Meatgrinder was clean. There is one log that really is not in play next the huge roadside boulder. The rest had no wood issues. Felt like a big water run after OBJ...all 550 cfs. If I lived in Carbondale I would be lapping that baby


----------



## T-Boss (Sep 17, 2008)

ya saw that big log, thats right in the line i know to run, did you run right of log/ big rock? there's also a log sticking out, slightly submerged few drops down around the corner, looked like could go right over it but was little hesitant, good info though thanks


----------



## JDHOG72 (Jul 18, 2007)

Went right of the log/rock. Did not notice any other wood in the main flow.


----------



## Crazy Nate (Aug 29, 2008)

T-Boss said:


> ya saw that big log, thats right in the line i know to run, did you run right of log/ big rock? there's also a log sticking out, slightly submerged few drops down around the corner, looked like could go right over it but was little hesitant, good info though thanks


Bank pulled the slightly submerged log out but it wouldn't have been in the play anyway. We ran the drop with the log bridge (first one?) down the center which went really clean. The line we took was between the center rock and the one slightly down stream then down the center chanel. I'd call it 5 star. we did 4 laps. Reminded me of cherry creek of the toualumne colorado style!


----------



## elcamino (Sep 8, 2009)

Is anyone gonna be there Monday? The weather tomorrow looks nasty but Sunday and Monday look sweet.


----------



## STOUTMF (May 8, 2011)

*obj*

I will be there on Monday Tuesday if you want to jump on it! Josh @530-308-5771


----------



## elcamino (Sep 8, 2009)

Yeah man I'll paddle with you on Monday. I'll give you a call tomorrow


----------



## JP Griffith (Sep 7, 2010)

Are cars able to drive across OBJ for shuttle this year? And how are the other three looking? Planning on being up there this Thursday and Friday.


----------



## ACC (Oct 30, 2003)

FloRida-Low - YouTube


----------



## elcamino (Sep 8, 2009)

JP Griffith said:


> Are cars able to drive across OBJ for shuttle this year? And how are the other three looking? Planning on being up there this Thursday and Friday.

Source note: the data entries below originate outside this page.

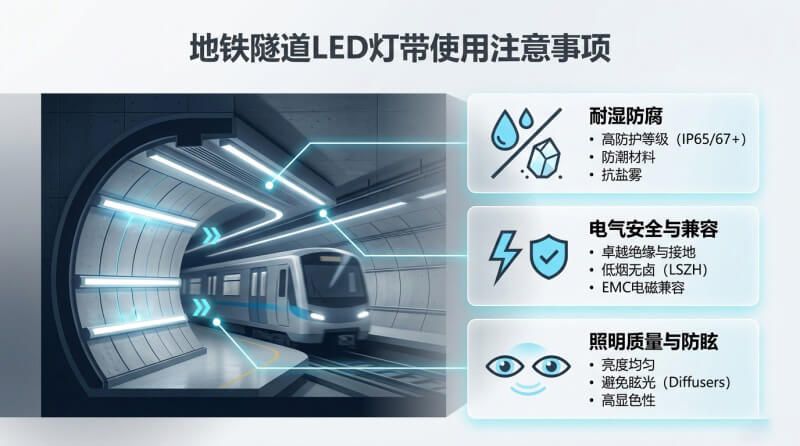 地铁隧道内使用LED灯带需要注意什么?安全与选型指南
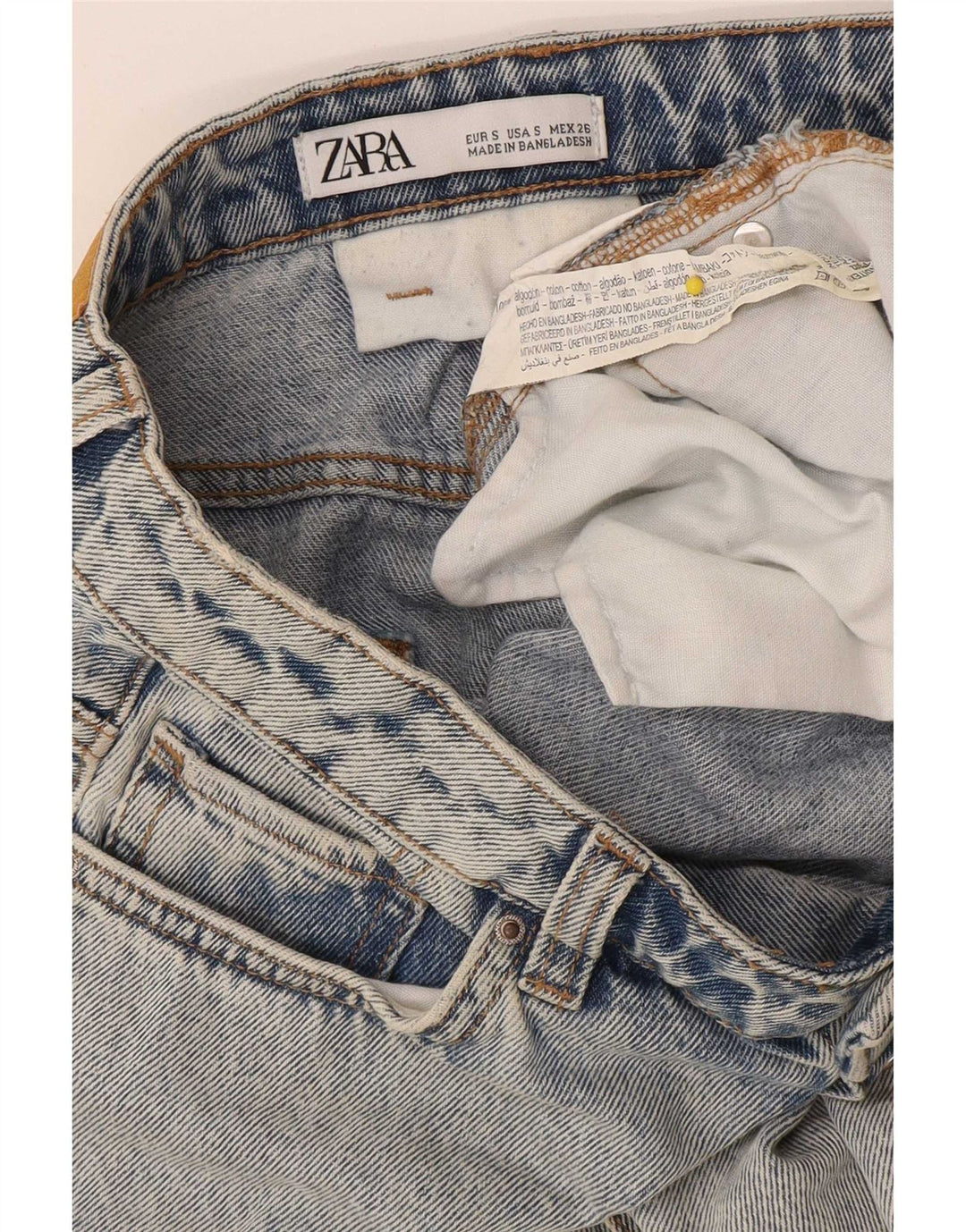 Fusta Denim Zara Femei Mic W26 Bumbac Albastru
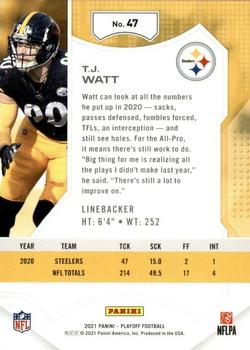 2021 Panini Playoff #47 T.J. Watt Back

Yep you can drive across no problem so no hike. Ran Daisy and East, East was really low and the 20 footer on Daisy was marginal but 2 guys ran it. The rest of Daisy is manky but ok and Slate is, you guessed it, low as hell


----------



## ricoswagga (Mar 30, 2009)

Yep, take what you can get while it's here. Looks like tomorrow will be prime with the warm temps. Gonna get some laps in the afternoon with high hopes for medium...


----------